» WHAT IS NEEDED
Please retype the records below exactly as they appear, but leave out the pictures.
Start of AVAILABLE DATA
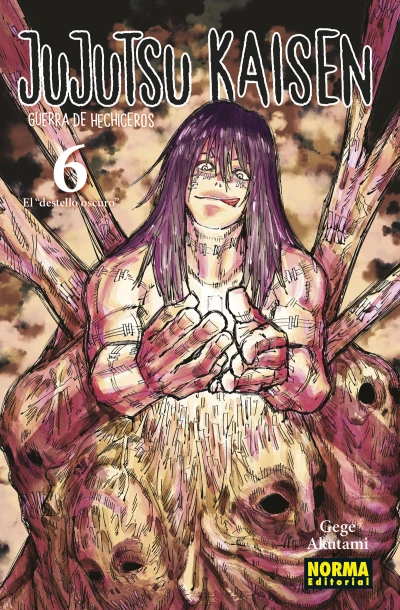 Cover of Issue #6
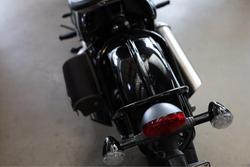 2022 Triumph Bonneville Bobber Bobber Red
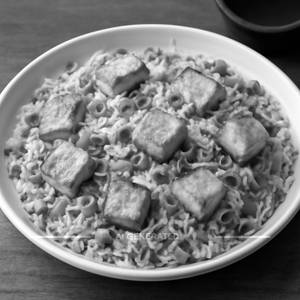 Paneer Fried Rice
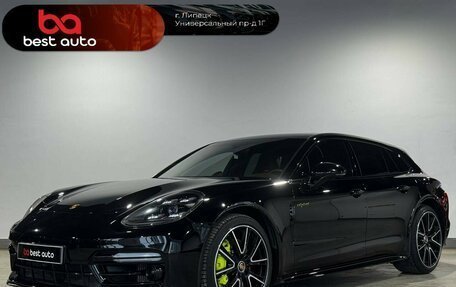 Porsche Panamera II рестайлинг, 2020 год, 11 300 000 рублей, 1 фотография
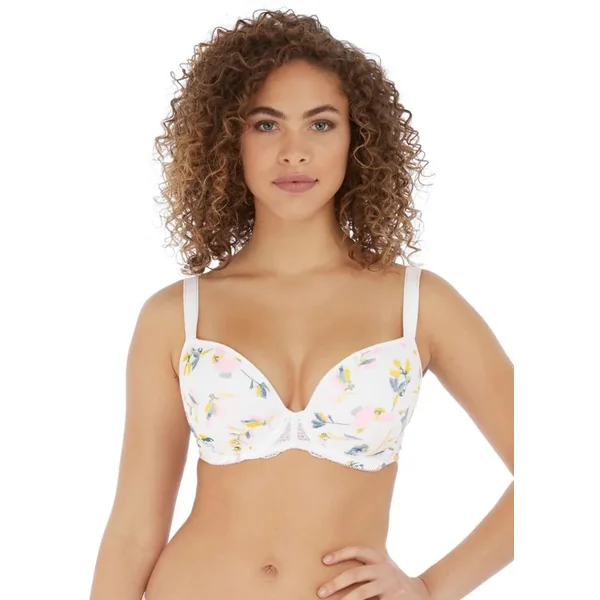 Freya Medley U/W Moulded Deco Plunge Bra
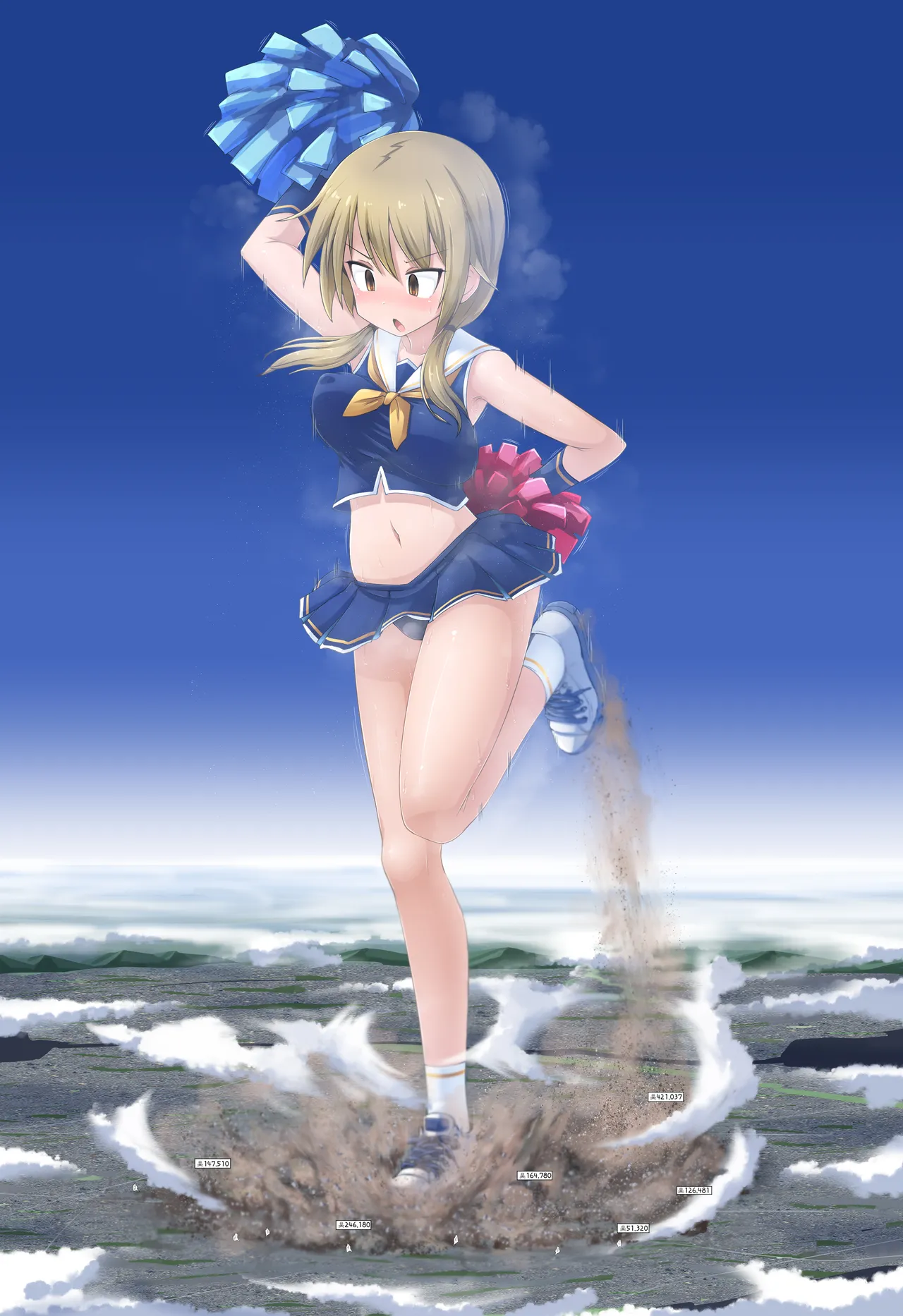 Futa Giantess Chapter 1 - page 269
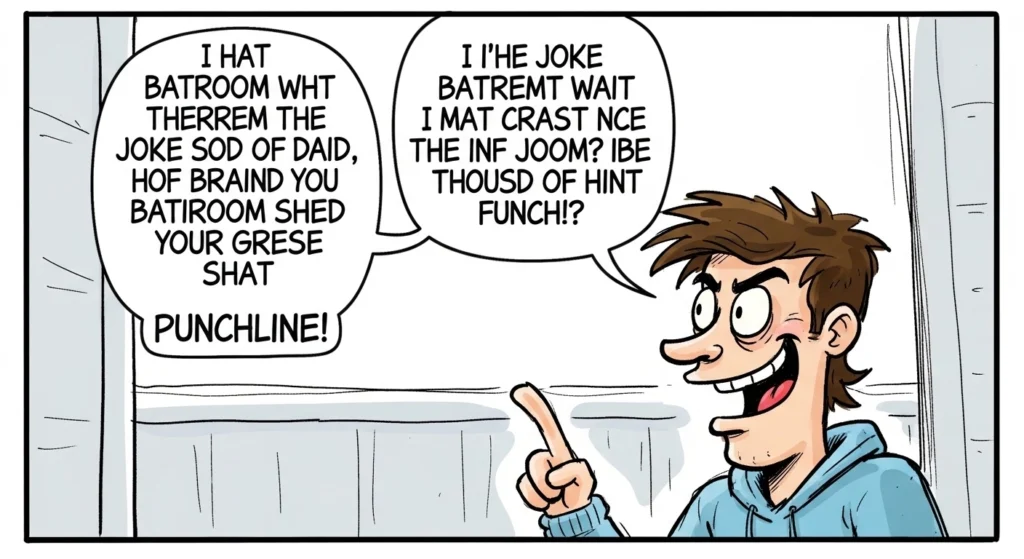 funny crude humor jokes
End of AVAILABLE DATA
» ANSWER
 Cover of Issue #6
 2022 Triumph Bonneville Bobber Bobber Red
 Paneer Fried Rice
 Porsche Panamera II рестайлинг, 2020 год, 11 300 000 рублей, 1 фотография
 Freya Medley U/W Moulded Deco Plunge Bra
 Futa Giantess Chapter 1 - page 269
 funny crude humor jokes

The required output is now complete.